▸ **Provided data**:

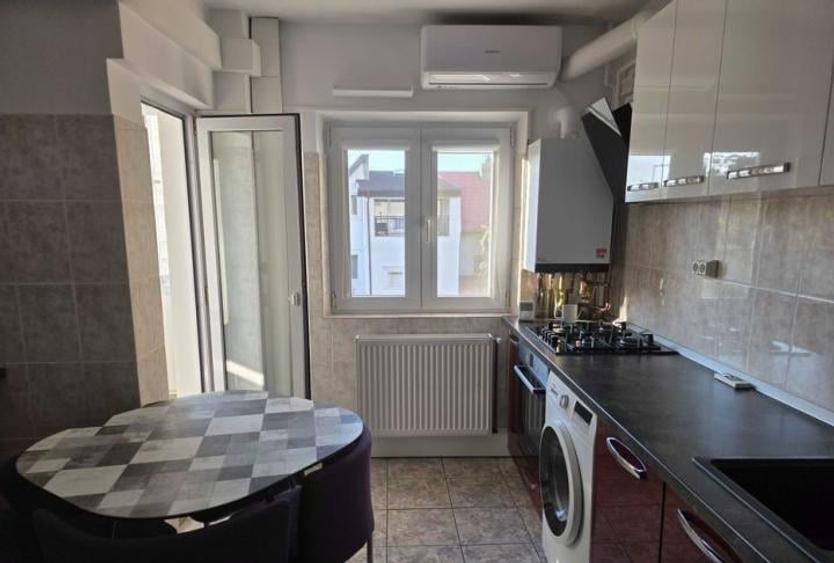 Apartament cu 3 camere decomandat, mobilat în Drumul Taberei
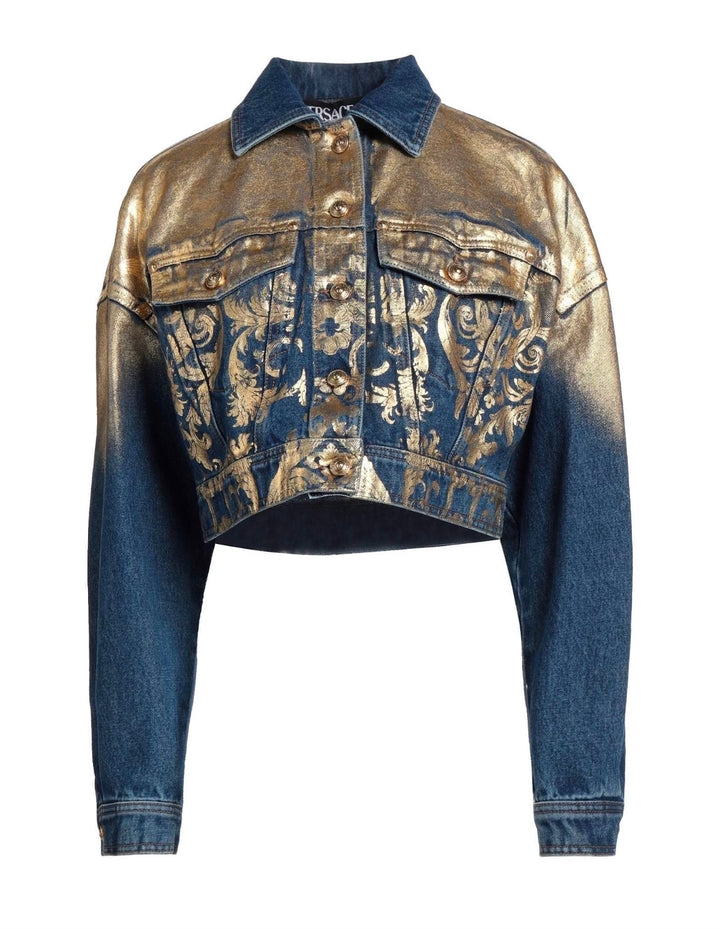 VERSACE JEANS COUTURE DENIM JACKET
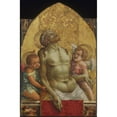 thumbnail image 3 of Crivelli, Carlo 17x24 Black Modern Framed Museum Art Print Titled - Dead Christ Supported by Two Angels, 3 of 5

▸ **What you will do**:
With pictures excluded, the material is to be written out exactly as given.

▸ **Solution to this exercise**:
 Apartament cu 3 camere decomandat, mobilat în Drumul Taberei
 VERSACE JEANS COUTURE DENIM JACKET
 thumbnail image 3 of Crivelli, Carlo 17x24 Black Modern Framed Museum Art Print Titled - Dead Christ Supported by Two Angels, 3 of 5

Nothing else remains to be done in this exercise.